Once the sub-scores for various adverse events (e.g., at block 2035) and holes (e.g., at blocks 2060 and 2055) have been determined, the system may determine a final score and model presentation at block 2065 based upon the constituent results. The final score may be determined as a weighted sum of one or more of the scores from blocks 2035, 2060, 2055, the current, or overall, coverage score, the withdrawal duration score, cleanness scores (e.g., as determined at block 2055 or block 2035), a BBPS score, etc. The final score may be presented as part of GUI 1810 (e.g., updated as playback proceeds), during the procedure (to advise the operator or automated system on its current performance), or after the procedure, e.g., as part of a consolidation among procedures (e.g., to track an operator's progress over time and to provide feedback). One will appreciate that all or some of the operations discussed herein may be applied on a rolling basis during the surgery upon previously captured portions of the model, providing online guidance and guiding the physician to go forward, backwards, look left, right, to improve coverage of the internal body structure.

Data Processing for GUI Presentation Overview

To provide context and to facilitate the reader's understanding, FIG. 21A is a schematic representation of inputs to a Graphical User Interface (GUI) data management system as may occur in some embodiments. Specifically, various of the disclosed embodiments may include a computer system configured to receive examination data and to process the data into a form amenable to intuitive presentation in a GUI. The system may receive the raw visual input data as described above and apply various of the disclosed methods to generate fragments, such as fragment 2105 (additional fragments being presented by ellipses 2105q and 2105r), and to assemble 2170a the fragments so as to form resulting model 2140a. Similarly, the hole in-fill procedures disclosed herein may be applied 2170b to replace or identify holes 2145a, 2145b, 2145c, and 2145d, with supplemented regions 2150a, 2150b, 2150c, and 2150d, respectively. Finally, the system may apply the landmark identification method disclosed herein to identify landmarks 2125a, 2125b (intervening ellipsis 2120a indicating the possible presence of other landmarks).

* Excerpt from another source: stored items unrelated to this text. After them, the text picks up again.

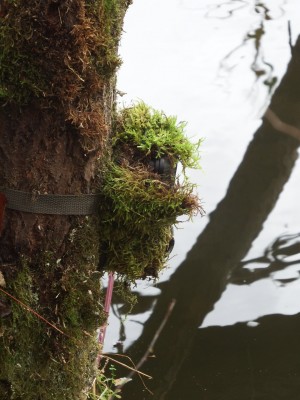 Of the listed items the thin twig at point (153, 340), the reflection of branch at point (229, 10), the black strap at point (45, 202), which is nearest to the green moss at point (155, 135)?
the black strap at point (45, 202)

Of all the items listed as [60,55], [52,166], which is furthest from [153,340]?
[60,55]

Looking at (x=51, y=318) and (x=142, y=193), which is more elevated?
(x=142, y=193)

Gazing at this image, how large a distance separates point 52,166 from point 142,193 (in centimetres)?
13

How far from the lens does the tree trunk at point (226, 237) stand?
182 cm

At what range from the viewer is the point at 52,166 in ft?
2.71

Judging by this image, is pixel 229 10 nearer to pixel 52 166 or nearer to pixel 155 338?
pixel 155 338

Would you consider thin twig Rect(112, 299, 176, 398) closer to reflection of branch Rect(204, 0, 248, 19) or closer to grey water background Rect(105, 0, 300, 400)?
grey water background Rect(105, 0, 300, 400)

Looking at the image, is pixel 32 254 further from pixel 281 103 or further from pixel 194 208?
pixel 281 103

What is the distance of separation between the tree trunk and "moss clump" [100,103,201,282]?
→ 881 mm

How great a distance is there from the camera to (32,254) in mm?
854

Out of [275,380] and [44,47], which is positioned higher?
[44,47]

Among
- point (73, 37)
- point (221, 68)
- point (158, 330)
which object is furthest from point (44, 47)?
point (221, 68)

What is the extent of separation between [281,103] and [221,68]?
268 millimetres

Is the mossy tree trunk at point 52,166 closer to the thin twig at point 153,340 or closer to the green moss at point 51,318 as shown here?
the green moss at point 51,318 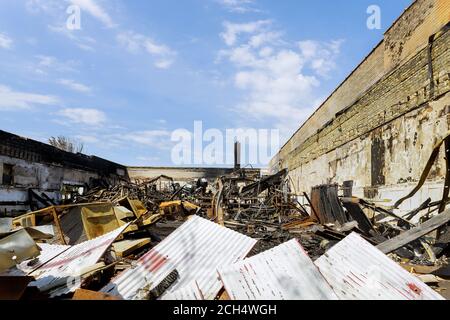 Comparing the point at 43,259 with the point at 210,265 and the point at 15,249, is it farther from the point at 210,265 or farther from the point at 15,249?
the point at 210,265

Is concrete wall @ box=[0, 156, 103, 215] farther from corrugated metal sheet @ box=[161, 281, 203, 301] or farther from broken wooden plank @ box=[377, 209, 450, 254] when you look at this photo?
broken wooden plank @ box=[377, 209, 450, 254]

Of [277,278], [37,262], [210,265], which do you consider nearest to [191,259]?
[210,265]

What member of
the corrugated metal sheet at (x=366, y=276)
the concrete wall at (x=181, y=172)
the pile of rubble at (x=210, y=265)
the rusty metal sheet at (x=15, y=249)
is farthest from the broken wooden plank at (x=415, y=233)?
the concrete wall at (x=181, y=172)

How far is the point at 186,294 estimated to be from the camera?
3.38 meters

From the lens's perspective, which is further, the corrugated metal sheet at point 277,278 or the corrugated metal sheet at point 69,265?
the corrugated metal sheet at point 69,265

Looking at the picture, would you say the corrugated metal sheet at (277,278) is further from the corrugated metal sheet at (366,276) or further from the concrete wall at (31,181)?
the concrete wall at (31,181)

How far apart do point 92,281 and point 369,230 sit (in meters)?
5.56

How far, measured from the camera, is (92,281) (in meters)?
3.97

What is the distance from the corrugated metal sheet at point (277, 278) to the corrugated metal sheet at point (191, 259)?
0.31 metres

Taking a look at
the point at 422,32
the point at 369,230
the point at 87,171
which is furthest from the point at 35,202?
the point at 422,32

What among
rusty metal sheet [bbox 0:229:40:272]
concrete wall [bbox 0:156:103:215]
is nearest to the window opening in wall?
concrete wall [bbox 0:156:103:215]

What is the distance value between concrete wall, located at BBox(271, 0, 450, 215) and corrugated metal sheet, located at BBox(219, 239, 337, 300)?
15.5 feet

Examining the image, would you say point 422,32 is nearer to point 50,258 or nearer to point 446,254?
point 446,254

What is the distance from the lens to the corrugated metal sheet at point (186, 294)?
10.9 ft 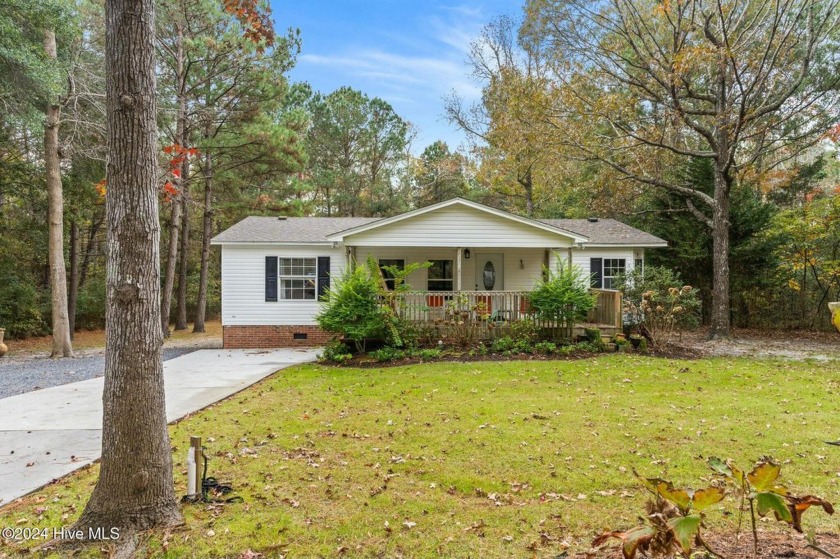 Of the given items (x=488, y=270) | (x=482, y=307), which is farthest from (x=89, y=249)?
(x=482, y=307)

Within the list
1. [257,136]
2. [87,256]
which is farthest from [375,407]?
[87,256]

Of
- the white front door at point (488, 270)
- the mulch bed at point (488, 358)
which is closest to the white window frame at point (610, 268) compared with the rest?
the white front door at point (488, 270)

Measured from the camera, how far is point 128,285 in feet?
10.0

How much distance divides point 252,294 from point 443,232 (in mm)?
5733

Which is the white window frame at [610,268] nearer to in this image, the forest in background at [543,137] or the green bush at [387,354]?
the forest in background at [543,137]

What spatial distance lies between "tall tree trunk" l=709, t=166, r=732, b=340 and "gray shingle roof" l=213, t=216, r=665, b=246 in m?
1.58

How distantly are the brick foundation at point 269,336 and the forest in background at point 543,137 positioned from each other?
4.50 m

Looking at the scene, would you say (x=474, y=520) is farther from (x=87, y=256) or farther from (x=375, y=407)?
(x=87, y=256)

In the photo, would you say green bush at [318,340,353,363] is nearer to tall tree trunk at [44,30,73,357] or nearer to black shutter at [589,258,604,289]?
tall tree trunk at [44,30,73,357]

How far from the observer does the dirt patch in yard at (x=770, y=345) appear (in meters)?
11.1

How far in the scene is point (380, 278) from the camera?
11141 mm

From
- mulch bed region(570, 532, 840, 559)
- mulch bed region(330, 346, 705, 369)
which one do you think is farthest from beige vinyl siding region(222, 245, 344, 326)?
mulch bed region(570, 532, 840, 559)

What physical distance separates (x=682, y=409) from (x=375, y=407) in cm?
411

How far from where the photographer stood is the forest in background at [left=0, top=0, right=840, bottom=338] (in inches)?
481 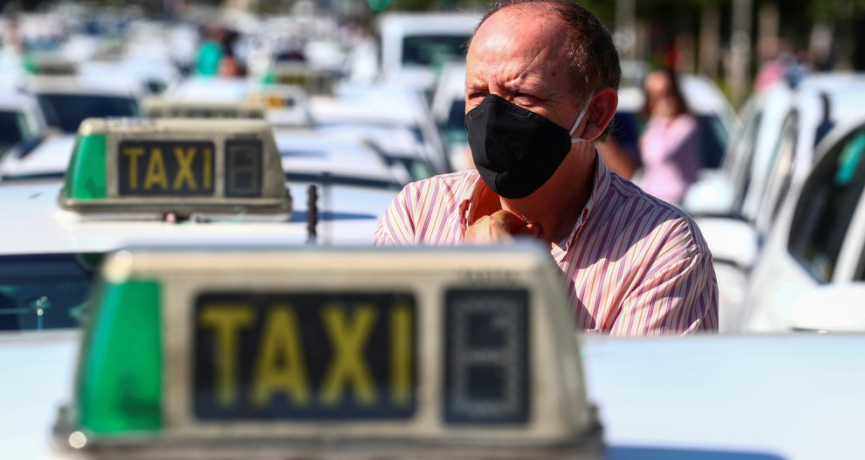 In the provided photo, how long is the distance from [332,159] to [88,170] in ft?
5.67

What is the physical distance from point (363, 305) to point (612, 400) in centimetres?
54

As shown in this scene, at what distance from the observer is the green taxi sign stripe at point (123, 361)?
4.21 ft

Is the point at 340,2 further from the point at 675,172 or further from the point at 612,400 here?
the point at 612,400

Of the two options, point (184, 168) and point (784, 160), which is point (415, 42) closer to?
point (784, 160)

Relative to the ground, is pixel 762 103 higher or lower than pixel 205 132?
lower

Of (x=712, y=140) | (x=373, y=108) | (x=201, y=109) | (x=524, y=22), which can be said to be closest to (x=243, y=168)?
(x=524, y=22)

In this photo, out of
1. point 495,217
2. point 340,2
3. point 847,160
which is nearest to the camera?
point 495,217

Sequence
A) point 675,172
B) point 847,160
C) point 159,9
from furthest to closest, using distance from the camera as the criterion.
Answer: point 159,9 < point 675,172 < point 847,160

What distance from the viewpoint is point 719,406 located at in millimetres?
1674

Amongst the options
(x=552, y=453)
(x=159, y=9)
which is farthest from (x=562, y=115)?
(x=159, y=9)

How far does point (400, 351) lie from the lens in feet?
4.24

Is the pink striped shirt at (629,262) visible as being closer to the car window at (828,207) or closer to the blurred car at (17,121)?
the car window at (828,207)

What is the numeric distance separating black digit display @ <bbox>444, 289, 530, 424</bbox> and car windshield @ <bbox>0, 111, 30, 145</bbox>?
8716 millimetres

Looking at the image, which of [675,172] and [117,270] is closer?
[117,270] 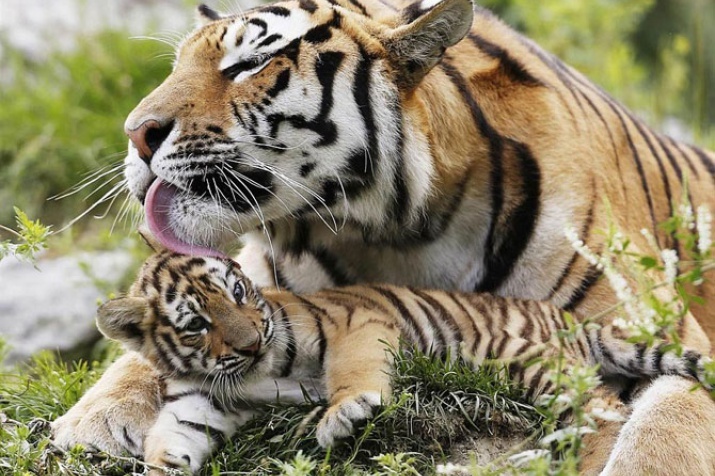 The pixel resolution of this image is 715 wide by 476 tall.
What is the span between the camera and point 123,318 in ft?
10.7

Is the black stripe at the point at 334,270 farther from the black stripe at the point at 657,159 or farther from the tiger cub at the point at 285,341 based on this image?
the black stripe at the point at 657,159

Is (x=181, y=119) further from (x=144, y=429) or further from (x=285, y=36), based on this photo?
(x=144, y=429)

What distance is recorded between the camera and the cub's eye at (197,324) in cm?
325

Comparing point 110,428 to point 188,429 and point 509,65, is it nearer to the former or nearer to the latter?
point 188,429

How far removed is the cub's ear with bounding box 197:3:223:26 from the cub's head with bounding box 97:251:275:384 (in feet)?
3.08

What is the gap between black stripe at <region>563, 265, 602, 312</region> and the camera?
3.60 m

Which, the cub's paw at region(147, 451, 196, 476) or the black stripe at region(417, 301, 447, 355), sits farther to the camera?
the black stripe at region(417, 301, 447, 355)

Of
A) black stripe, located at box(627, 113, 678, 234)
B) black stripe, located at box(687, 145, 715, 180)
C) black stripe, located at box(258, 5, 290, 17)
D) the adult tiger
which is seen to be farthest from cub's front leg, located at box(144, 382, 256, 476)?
black stripe, located at box(687, 145, 715, 180)

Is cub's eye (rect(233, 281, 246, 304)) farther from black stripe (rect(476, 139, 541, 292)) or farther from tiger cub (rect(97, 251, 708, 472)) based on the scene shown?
black stripe (rect(476, 139, 541, 292))

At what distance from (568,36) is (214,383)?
16.8ft

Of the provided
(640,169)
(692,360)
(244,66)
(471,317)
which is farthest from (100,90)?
(692,360)

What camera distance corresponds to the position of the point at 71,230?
21.7 ft

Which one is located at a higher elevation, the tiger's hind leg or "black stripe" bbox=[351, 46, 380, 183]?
"black stripe" bbox=[351, 46, 380, 183]

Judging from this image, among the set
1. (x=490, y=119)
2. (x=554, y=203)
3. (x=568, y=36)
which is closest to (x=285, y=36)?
(x=490, y=119) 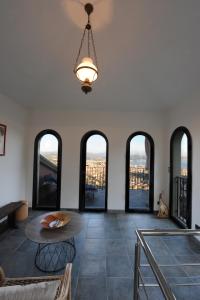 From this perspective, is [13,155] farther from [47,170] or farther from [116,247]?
[116,247]

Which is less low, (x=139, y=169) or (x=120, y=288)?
(x=139, y=169)

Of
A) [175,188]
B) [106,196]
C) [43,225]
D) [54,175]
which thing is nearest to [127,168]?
[106,196]

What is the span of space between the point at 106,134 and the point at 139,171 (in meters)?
1.37

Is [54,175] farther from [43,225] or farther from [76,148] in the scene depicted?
[43,225]

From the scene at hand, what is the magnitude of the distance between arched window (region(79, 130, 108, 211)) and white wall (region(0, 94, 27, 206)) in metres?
1.57

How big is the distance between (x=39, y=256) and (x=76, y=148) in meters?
2.72

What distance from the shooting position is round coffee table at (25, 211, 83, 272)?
217 cm

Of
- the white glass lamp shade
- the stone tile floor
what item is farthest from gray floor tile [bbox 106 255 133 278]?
the white glass lamp shade

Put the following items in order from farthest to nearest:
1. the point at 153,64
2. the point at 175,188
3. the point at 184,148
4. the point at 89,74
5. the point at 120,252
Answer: the point at 175,188, the point at 184,148, the point at 153,64, the point at 120,252, the point at 89,74

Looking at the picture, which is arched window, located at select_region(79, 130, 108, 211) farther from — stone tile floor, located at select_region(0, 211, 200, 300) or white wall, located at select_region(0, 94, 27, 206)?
white wall, located at select_region(0, 94, 27, 206)

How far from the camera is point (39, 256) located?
2.56 metres

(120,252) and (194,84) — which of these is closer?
(120,252)

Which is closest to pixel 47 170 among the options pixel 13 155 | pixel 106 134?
pixel 13 155

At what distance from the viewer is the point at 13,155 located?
4.14m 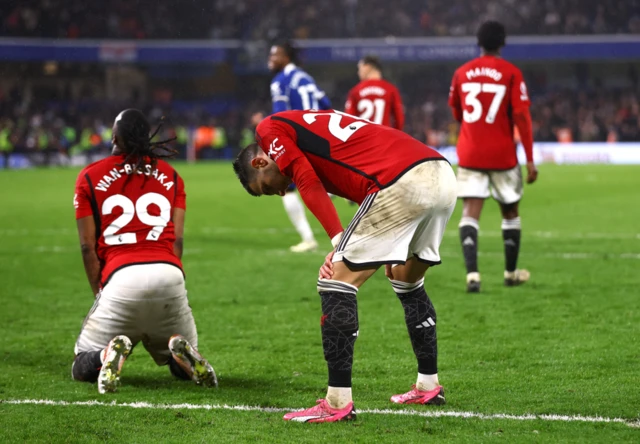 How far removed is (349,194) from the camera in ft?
14.8

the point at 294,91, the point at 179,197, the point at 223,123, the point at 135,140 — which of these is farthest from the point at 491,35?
the point at 223,123

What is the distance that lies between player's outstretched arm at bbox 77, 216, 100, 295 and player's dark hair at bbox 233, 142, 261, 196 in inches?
44.5

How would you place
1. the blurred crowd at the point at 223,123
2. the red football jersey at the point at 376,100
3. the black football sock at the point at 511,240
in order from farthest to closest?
the blurred crowd at the point at 223,123 < the red football jersey at the point at 376,100 < the black football sock at the point at 511,240

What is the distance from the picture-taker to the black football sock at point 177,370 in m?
5.40

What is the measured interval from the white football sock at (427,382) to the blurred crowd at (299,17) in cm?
4043

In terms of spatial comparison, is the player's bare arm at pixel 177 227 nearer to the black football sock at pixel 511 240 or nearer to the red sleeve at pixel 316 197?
the red sleeve at pixel 316 197

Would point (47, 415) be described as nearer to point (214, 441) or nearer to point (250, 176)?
point (214, 441)

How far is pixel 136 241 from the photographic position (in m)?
5.30

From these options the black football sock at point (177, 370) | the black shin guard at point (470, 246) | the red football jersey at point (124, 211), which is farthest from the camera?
the black shin guard at point (470, 246)

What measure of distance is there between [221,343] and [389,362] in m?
1.33

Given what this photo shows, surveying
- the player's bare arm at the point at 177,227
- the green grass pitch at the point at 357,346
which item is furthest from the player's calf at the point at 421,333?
the player's bare arm at the point at 177,227

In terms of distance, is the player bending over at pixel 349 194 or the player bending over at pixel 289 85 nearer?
the player bending over at pixel 349 194

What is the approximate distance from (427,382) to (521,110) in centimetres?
412

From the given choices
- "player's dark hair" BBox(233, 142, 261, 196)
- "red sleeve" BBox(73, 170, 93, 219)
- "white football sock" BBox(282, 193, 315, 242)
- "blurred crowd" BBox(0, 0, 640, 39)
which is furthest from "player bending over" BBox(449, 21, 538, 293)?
"blurred crowd" BBox(0, 0, 640, 39) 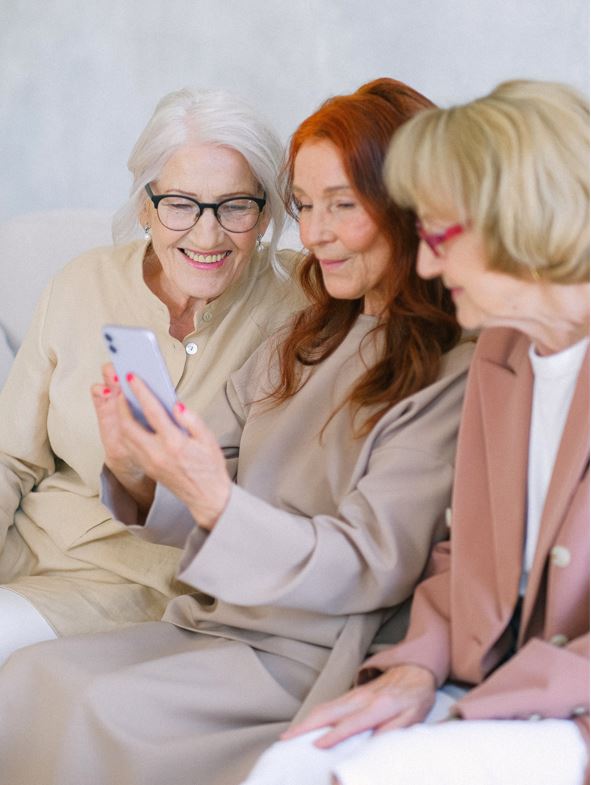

One will appreciate that in some embodiments, rather than receiving the raw visual image video data, the system may instead receive all or some of the completed fragments, models, and landmark materials. For example, the system may receive only the fragments and be able to generate model 2140b and landmarks 2125a, 2125b on its own. As the fragments, such as fragment 2105, may be structured to include visual image frames 2115a, 2115b, 2115c, 2115d, depth frames 2110a, 2110b, 2110c, 2110d, and corresponding timestamps 2105a, 2105b, 2105c, 2105d, it may be possible to infer various metadata for the models 2140a, 2140b and landmarks 2125a, 2125b. For example, the first collection of data sets in each fragment, e.g., the set formed of visual image frame 2115a, depth frame 2110a, and timestamp 2105a, may serve as a keyframe, as described elsewhere herein, for creation of model 2140a. Because the fragments include visual data, e.g., visual image frame 2115a, the system may apply the landmark recognition system to these images to generate 2120 the landmarks. Thus, the computer system may use the relation between the visual image 2115a, depth frame 2110a, and timestamp 2105a data to likewise identify correspondences between the playback (e.g., based upon timestamp 2105a), generated landmarks 2125a, 2125a (e.g., based upon visual image 2115a), and models 2140a, 2140b (e.g., based upon the global pose estimation integration of the fragment 2105 into the model). As described in greater detail herein, these correspondences may facilitate integrated presentations of the data to the user as well as facilitate coordinated interactions by the user with the different types of data.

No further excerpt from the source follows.